Conceived following a wish of Louis XV, Saint- Geneviève church was built by Soufflot then by Rondelet from 1764 to 1789. In 1791, the Constituent Assembly transformed the new church into a temple destined “to receive the great men of the epoch of French liberty.” Mirabeau, Voltaire, Le Peletier of Saint-Fargeau, Bara, Rousseau and Marat were the first to be accepted into this prestigious place. The Panthéon was born.
Napoleon I visited the building on February 13, 1806, and allocated a sum of 600,000 francs for the work of strengthening the dome. Some days later, February 20, he decreed that the building was a Catholic church under the double invocation of Saint-Geneviève and of Saint-Napoleon.
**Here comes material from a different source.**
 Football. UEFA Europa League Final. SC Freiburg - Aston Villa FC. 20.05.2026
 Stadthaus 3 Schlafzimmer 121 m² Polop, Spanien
The crypt of the church continued however to receive the burial of dignitaries of the Empire. In 1830, Louis-Philippe re-established the Panthéon which was designated “The Temple of Humanity” in 1848. A short time before the proclamation of the Second Empire, the Prince-President Louis-Napoleon again transformed the building into a church which was named “The National Basilica.” It was the Third Republic which definitively re-established the Panthéon after the death of Victor Hugo in 1885.
Under the Empire, in addition to the work of strengthening the dome, the Emperor ordered the decoration of the dome vault. Gros was charged with realizing a fresco representing the Apotheosis of Saint-Geneviève, protector of great French sovereigns, where Napoleon I, initially foreseen after Clovis, Charlemagne and Saint-Louis, was eventually replaced by Louis XVIII under the Restoration. In 1813, Baltard Senior was named the building architect. He gave the drawings for the monumental bronze doors and for a new skylight. The low-reliefs of the pediment are the work of David D'Angers and represent the Homeland between Liberty and History distributing crowns to great men. On the right, among the civil personalities, are Monge, Carnot, Berthollet, Laplace, David and Cuvier and to the left, among the military personalities, are Bonaparte, André Etienne, the drum of Arcole and the tower of Auvergne.
In 1853, two groups of marble were ordered from the sculptor Maindron. “Attila and Saint-Geneviève” and “Clovis Receiving the Sacrament of Baptism” today frame the main door under the peristyle. The rest of the interior, including the famous frescos by Puvis de Chavannes, dates to the Third Republic.
In the crypt, four vaults contain the sepulchers of the great dignitaries of the First Empire. Tronchet was the first in 1806, and 43 others followed him: Béguinot, Bévière, Bougainville, Cabanis, Caprara, Carnot, Caulaincourt, Choiseul-Praslin, Claret de Fleurieu, Cossé, Crétet, Démeunier, Dorsenne, Durazzo, Garnier de Laboissiére, Jacqueminot, Lagrange, Lannes, La Tour d'Auvergne, Le Blond, Legrand, Malher, Marceau, Morard de Galles, Ordener, Papin, Perregaux, Petiet, Portalis, Praslin, Regnier, Resnier, Reynier, Rousseau, Senarmont, Sers, Songis des Courbons, Thévenard, Treilhard, Vien, Viry, Walther, Winter. The ashes of Father Gregoire and those of the mathematician, Monge, were transferred to the Panthéon on December 12, 1989.
The tombs of Hugo and Zola, two of the greatest French writers who, each in his own manner, drew the ferment of their work from the First and Second Empires, are situated in the Gallery of Crowns of this same crypt.